On May 9, live fish were recorded getting killed by ground impact at the entrance to a residential complex in Jingan. The local residents' committee explained that the group-buy organizer acquired permission for buying refrigerated fish, not the prohibited live fish actually delivered. The organizer chose to kill the fish outside the gate to comply.

===Forced quarantine===
According to a 19-minute recording, a woman and her husband were forced to go to a mobile cabin hospital, even though none of their family members were positive for COVID-19. They consented to leaving if tested positive, but policies had forced them to leave home because officials already believed they were positive for COVID-19. Shanghai officials replied saying that person in question was a 13-year-old girl, and they had already communicated with the family many times previously. and they had agreed at first, but this time they disagreed; according to the policy, they need to take them to a mobile cabin hospital. Officials also said that the results from the "Health Cloud" app may differ from the actual situation.

=== Child separation ===
A system for quarantining children, including infants, away from adults was implemented. The site in Jinshan was first reported online by desperate parents. The separation was described officially on April 2 as a policy to "quickly help" minors and involves "temporary guardians". On April 4, the health committee said that a system is in place to allow some children to be accompanied by their also COVID-positive parents. An online trend started where parents sought to become infected to stay with their children.
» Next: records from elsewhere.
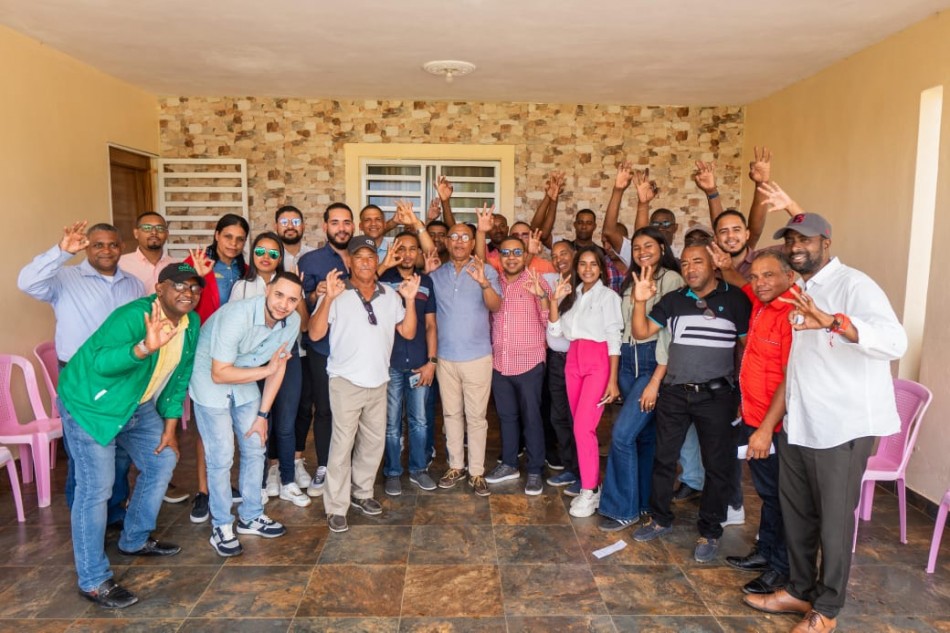 Comisi&oacute;n del equipo pol&iacute;tico de Omar Fern&aacute;ndez, fortalece su presencia en territorio nacional*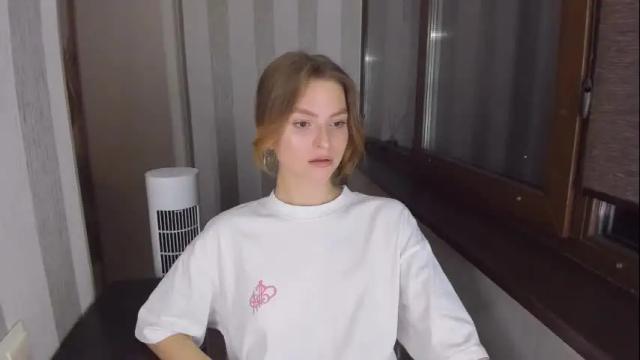 Image 11 of mollydangerous Stream on Chaturbate on 13 days ago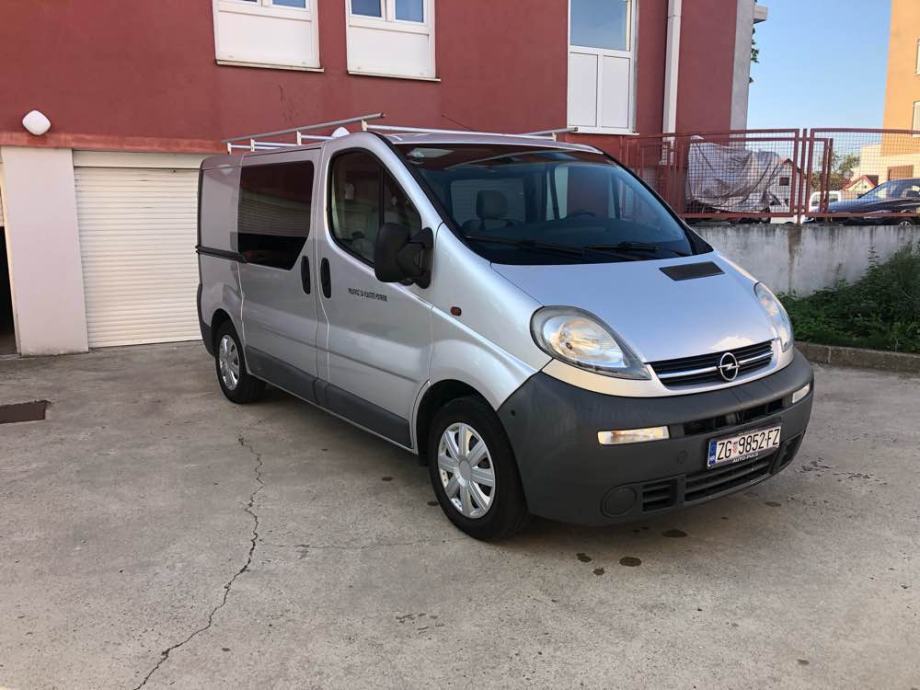 Opel vivaro 2006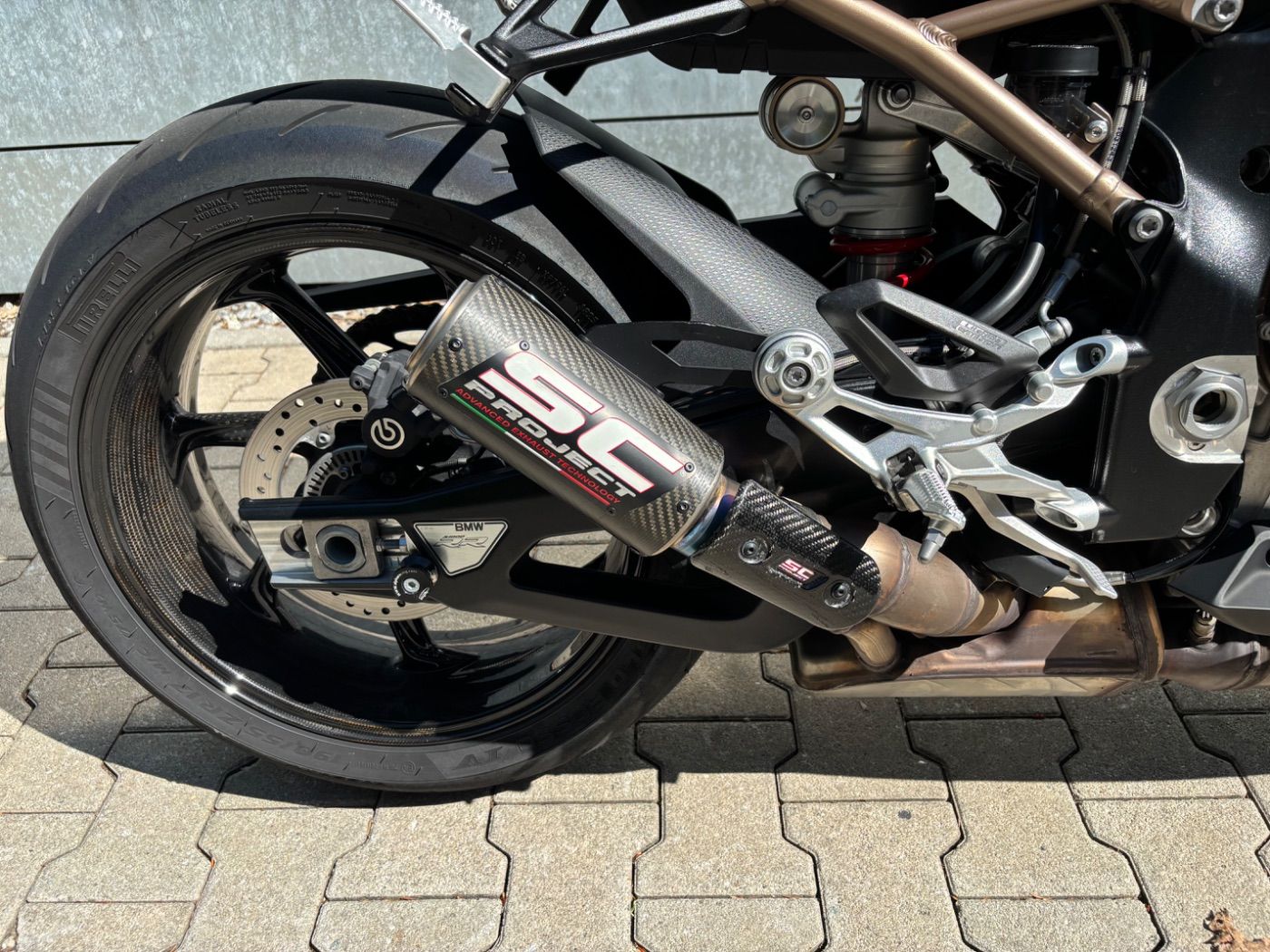 Fahrzeugabbildung BMW S 1000 RR M-Paket Dynamik-Paket Carbonräder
This system was described as a "humanitarian crisis" by a Radio France Internationale commentator. On March 31, the Consulate of France in Shanghai issued a protest to the Shanghai Government on behalf of 24 EU states.

=== Legality ===
In early May, constitutional academic Tong Zhiwei expressed his opposition to forced quarantine transport and home disinfection, stating that the authorities' legal basis (Public Security Penalties Law, Art. 50(1)) is nil – the law requires a state of emergency to be declared, but none has been. Around the same time, financial lawyer Liu Dali expressed his opposition to procedural problems in quarantine transport, namely lack of paperwork and an overly liberal definition of "contact" involving whole floors or even buildings. Both articles were quickly taken down on the Chinese internet, their Weibo accounts suspended, and bar associations warned not to distribute these articles.